The District of Columbia conducted its own bike-lane study, published last year, and Goodno was pleased to see that the findings of the national study mirrored the district’s. “Residents, whether they bike or not, see [barriers] as valuable assets for their neighborhood. They want to see us investing in more of them, and they believe it improves bicycle safety. And the data, particularly in this [national] study, back this up.”
The national survey is based on an analysis of 168 hours of video that tracked the behaviors of roughly 16,000 cyclists and almost 20,000 vehicles. Residents were also surveyed by mail, with more than 2,000 responses received, and more than 1,000 cyclists were intercepted along their commutes for interviews.
“One hundred sixty eight hours of video and there were no crashes, just a few precautionary maneuvers where someone had to brake or swerve out of the way,” says Goodno, marveling at the depth of the research. “I think it really points to the value of the protected bike lanes.” The depth of the survey was particularly useful because individual cities often lack the budget to staff intersections in order to count and intercept cyclists, he says.
The national study found that the installation of a protected bike lane instantly resulted in more cyclists taking advantage of the route. For example, on Dearborn Street in Chicago, a 1.2 mi, two-way track resulted in a 171 percent increase in cyclist traffic within one year.
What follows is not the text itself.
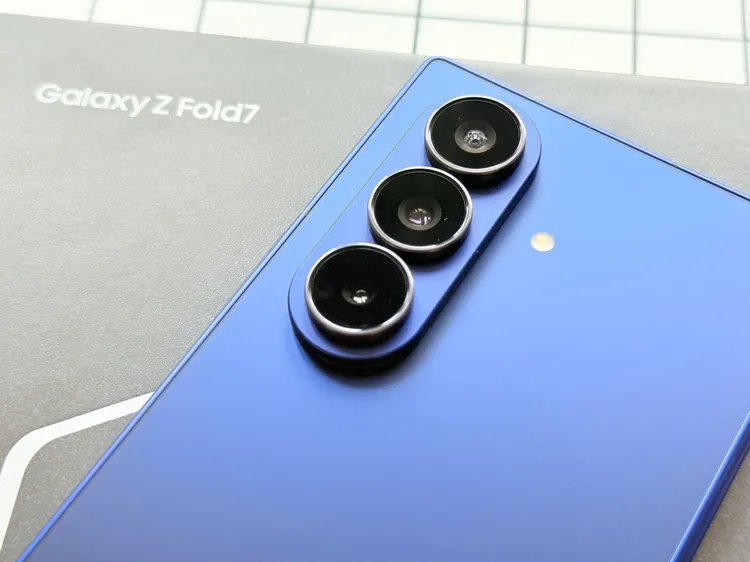 相機組合分別為2億畫素+1200萬畫素+1000萬畫素。趙筱文攝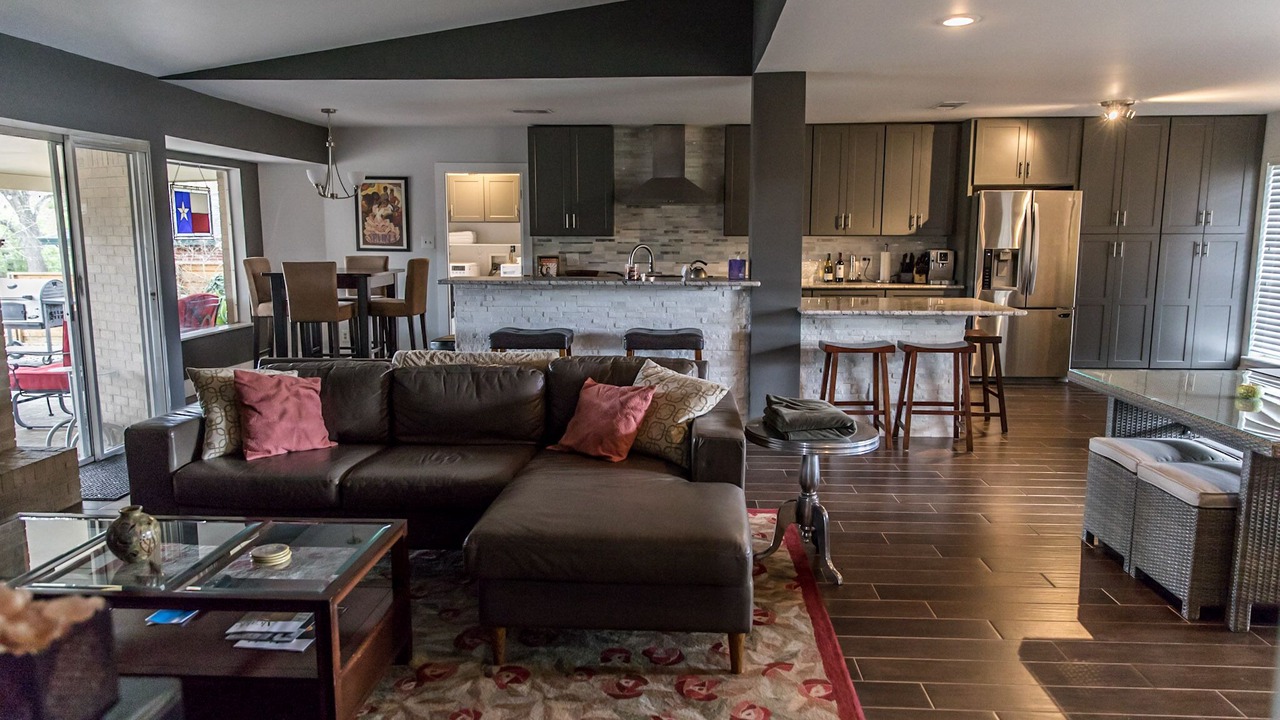 Photo of Livingroom in South Lamar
The study also found that the type of barrier used doesn’t matter as much as 50 to 75 percent of respondents expressed some level of comfort with all of these types. But the far less-expensive alternative, a line of plastic flexible posts, was received just as well, the research reveals.
The removal of parking spaces on a street to make room for protected lanes generated the greatest concern among respondents. Even when a minimal amount of parking was eliminated, about half of the respondents had a negative perception of the bike lanes.
Yet the construction of protected bike lanes was seen as desirable even outside of urban settings, within neighborhoods. Only 14 percent felt the lanes had a negative impact there; 43 percent saw it as a positive.
While there were no crashes between bikes and cars during the study’s time frame, the question of how to handle the fact that sometimes cars are turning at intersections while bikes intend to drive through remains thorny. One expensive but almost foolproof option exists in Chicago, where cyclists have their own traffic signals. Other cities use a limited-entry method that requires turning vehicles to enter a mixed-use lane; bikes continue forward on such a lane while cars turn right, avoiding the bicyclists. This method seems to have a clear benefit, though the study that found that in Portland, where such a system is used, the bicyclists did not handle the intersection correctly, so additional outreach about the method is required.
Monsere sees the intersection portion of this study as a first step; additional research on the relative benefits of different intersection arrangements is required. “We looked at intersections and how they performed, but there wasn’t enough information about the safety of the different intersection designs yet,” he says. “There are some clear indications about which designs might work better and do a better job of absorbing traffic, but there are still some unanswered questions.”
The next step for engineers like Monsere and advocates like Roskowski and Goodno is to determine the best way to integrate these bike lanes with already-existing transportation options in a city. “There’s a realization that streets are for moving people, not just cars, and the engineering world is being asked to move quickly to meet that demand,” Roskowski says. “The design manuals of 2020 are going to look a lot different than the manuals of 2010.”